───── DATASET CONTENT ─────
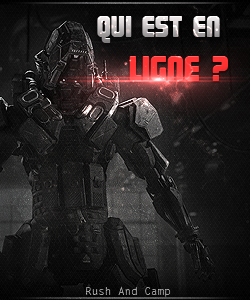 Who is Online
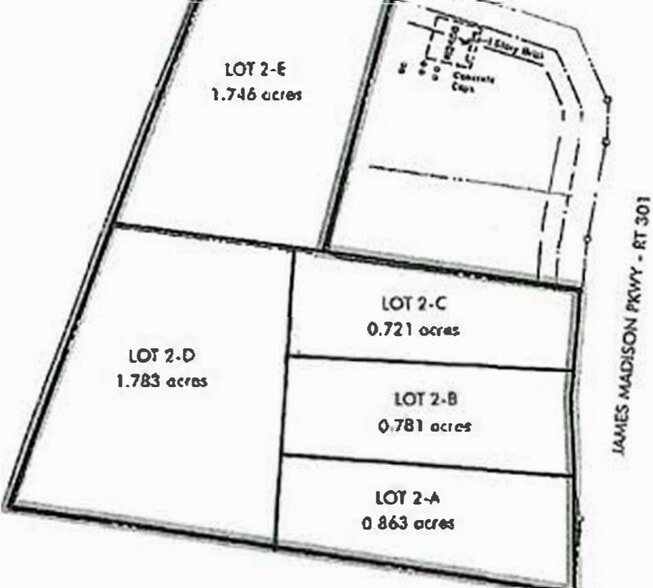 More Photos Of 11377 Kings St, King George Land For Sale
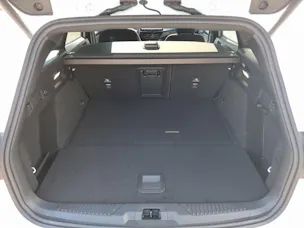 Ford Focus Station Wagon 1.0i EcoB Hybrid 155 ST-Line X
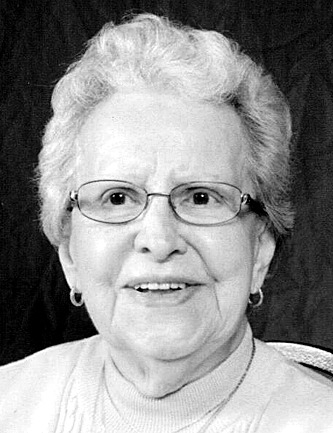 BOLDUC, Jeannine (née Rouleau)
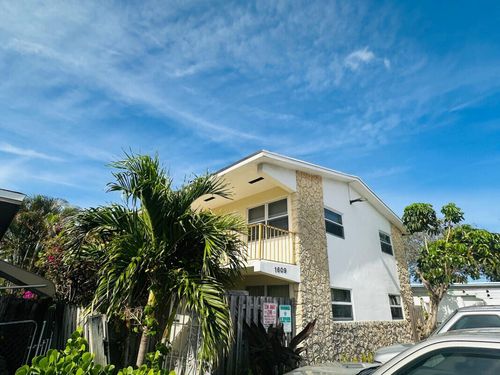 201-1609 S Federal Hwy, Lake Worth Beach, FL, 33460-5827 | Card Image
─────
WORK REQUIRED:
Restate the data word for word while omitting each picture.

EXERCISE OUTPUT:
 Who is Online
 More Photos Of 11377 Kings St, King George Land For Sale
 Ford Focus Station Wagon 1.0i EcoB Hybrid 155 ST-Line X
 BOLDUC, Jeannine (née Rouleau)
 201-1609 S Federal Hwy, Lake Worth Beach, FL, 33460-5827 | Card Image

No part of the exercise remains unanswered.